INPUT DATA |
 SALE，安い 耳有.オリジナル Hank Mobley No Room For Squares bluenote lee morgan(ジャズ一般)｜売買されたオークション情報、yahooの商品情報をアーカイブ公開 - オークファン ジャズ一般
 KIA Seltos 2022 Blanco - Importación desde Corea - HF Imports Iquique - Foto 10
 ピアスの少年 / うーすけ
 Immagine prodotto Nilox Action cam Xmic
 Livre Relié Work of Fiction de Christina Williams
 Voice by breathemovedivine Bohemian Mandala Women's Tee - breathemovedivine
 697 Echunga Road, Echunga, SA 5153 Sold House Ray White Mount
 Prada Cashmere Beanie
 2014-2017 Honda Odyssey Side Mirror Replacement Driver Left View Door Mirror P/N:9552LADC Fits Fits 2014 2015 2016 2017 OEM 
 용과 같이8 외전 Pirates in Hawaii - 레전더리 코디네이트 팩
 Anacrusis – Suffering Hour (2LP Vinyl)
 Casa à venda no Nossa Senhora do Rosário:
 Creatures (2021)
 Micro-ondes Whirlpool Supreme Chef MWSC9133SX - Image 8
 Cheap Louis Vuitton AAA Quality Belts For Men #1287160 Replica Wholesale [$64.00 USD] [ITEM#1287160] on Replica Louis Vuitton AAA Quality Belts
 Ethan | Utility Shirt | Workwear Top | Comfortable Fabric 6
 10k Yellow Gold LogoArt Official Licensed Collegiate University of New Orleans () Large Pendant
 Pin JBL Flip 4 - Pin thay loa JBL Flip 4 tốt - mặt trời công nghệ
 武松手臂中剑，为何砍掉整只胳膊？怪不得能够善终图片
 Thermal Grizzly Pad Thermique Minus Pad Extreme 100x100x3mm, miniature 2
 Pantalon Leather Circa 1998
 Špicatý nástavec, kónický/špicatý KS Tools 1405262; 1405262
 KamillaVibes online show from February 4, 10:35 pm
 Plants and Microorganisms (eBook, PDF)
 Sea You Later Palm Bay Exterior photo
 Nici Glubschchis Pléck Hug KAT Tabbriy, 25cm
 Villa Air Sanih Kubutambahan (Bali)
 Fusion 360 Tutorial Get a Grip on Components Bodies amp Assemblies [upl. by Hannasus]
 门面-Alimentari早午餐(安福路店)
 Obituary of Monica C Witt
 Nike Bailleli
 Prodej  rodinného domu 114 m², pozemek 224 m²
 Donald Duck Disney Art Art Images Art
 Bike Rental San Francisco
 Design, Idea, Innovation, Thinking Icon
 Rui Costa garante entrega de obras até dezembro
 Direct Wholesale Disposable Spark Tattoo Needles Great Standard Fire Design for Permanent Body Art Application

PROBLEM TO SOLVE | Each line in the material above should be repeated exactly.

ANSWER TO THE PROBLEM |
 SALE，安い 耳有.オリジナル Hank Mobley No Room For Squares bluenote lee morgan(ジャズ一般)｜売買されたオークション情報、yahooの商品情報をアーカイブ公開 - オークファン ジャズ一般
 KIA Seltos 2022 Blanco - Importación desde Corea - HF Imports Iquique - Foto 10
 ピアスの少年 / うーすけ
 Immagine prodotto Nilox Action cam Xmic
 Livre Relié Work of Fiction de Christina Williams
 Voice by breathemovedivine Bohemian Mandala Women's Tee - breathemovedivine
 697 Echunga Road, Echunga, SA 5153 Sold House Ray White Mount
 Prada Cashmere Beanie
 2014-2017 Honda Odyssey Side Mirror Replacement Driver Left View Door Mirror P/N:9552LADC Fits Fits 2014 2015 2016 2017 OEM 
 용과 같이8 외전 Pirates in Hawaii - 레전더리 코디네이트 팩
 Anacrusis – Suffering Hour (2LP Vinyl)
 Casa à venda no Nossa Senhora do Rosário:
 Creatures (2021)
 Micro-ondes Whirlpool Supreme Chef MWSC9133SX - Image 8
 Cheap Louis Vuitton AAA Quality Belts For Men #1287160 Replica Wholesale [$64.00 USD] [ITEM#1287160] on Replica Louis Vuitton AAA Quality Belts
 Ethan | Utility Shirt | Workwear Top | Comfortable Fabric 6
 10k Yellow Gold LogoArt Official Licensed Collegiate University of New Orleans () Large Pendant
 Pin JBL Flip 4 - Pin thay loa JBL Flip 4 tốt - mặt trời công nghệ
 武松手臂中剑，为何砍掉整只胳膊？怪不得能够善终图片
 Thermal Grizzly Pad Thermique Minus Pad Extreme 100x100x3mm, miniature 2
 Pantalon Leather Circa 1998
 Špicatý nástavec, kónický/špicatý KS Tools 1405262; 1405262
 KamillaVibes online show from February 4, 10:35 pm
 Plants and Microorganisms (eBook, PDF)
 Sea You Later Palm Bay Exterior photo
 Nici Glubschchis Pléck Hug KAT Tabbriy, 25cm
 Villa Air Sanih Kubutambahan (Bali)
 Fusion 360 Tutorial Get a Grip on Components Bodies amp Assemblies [upl. by Hannasus]
 门面-Alimentari早午餐(安福路店)
 Obituary of Monica C Witt
 Nike Bailleli
 Prodej  rodinného domu 114 m², pozemek 224 m²
 Donald Duck Disney Art Art Images Art
 Bike Rental San Francisco
 Design, Idea, Innovation, Thinking Icon
 Rui Costa garante entrega de obras até dezembro
 Direct Wholesale Disposable Spark Tattoo Needles Great Standard Fire Design for Permanent Body Art Application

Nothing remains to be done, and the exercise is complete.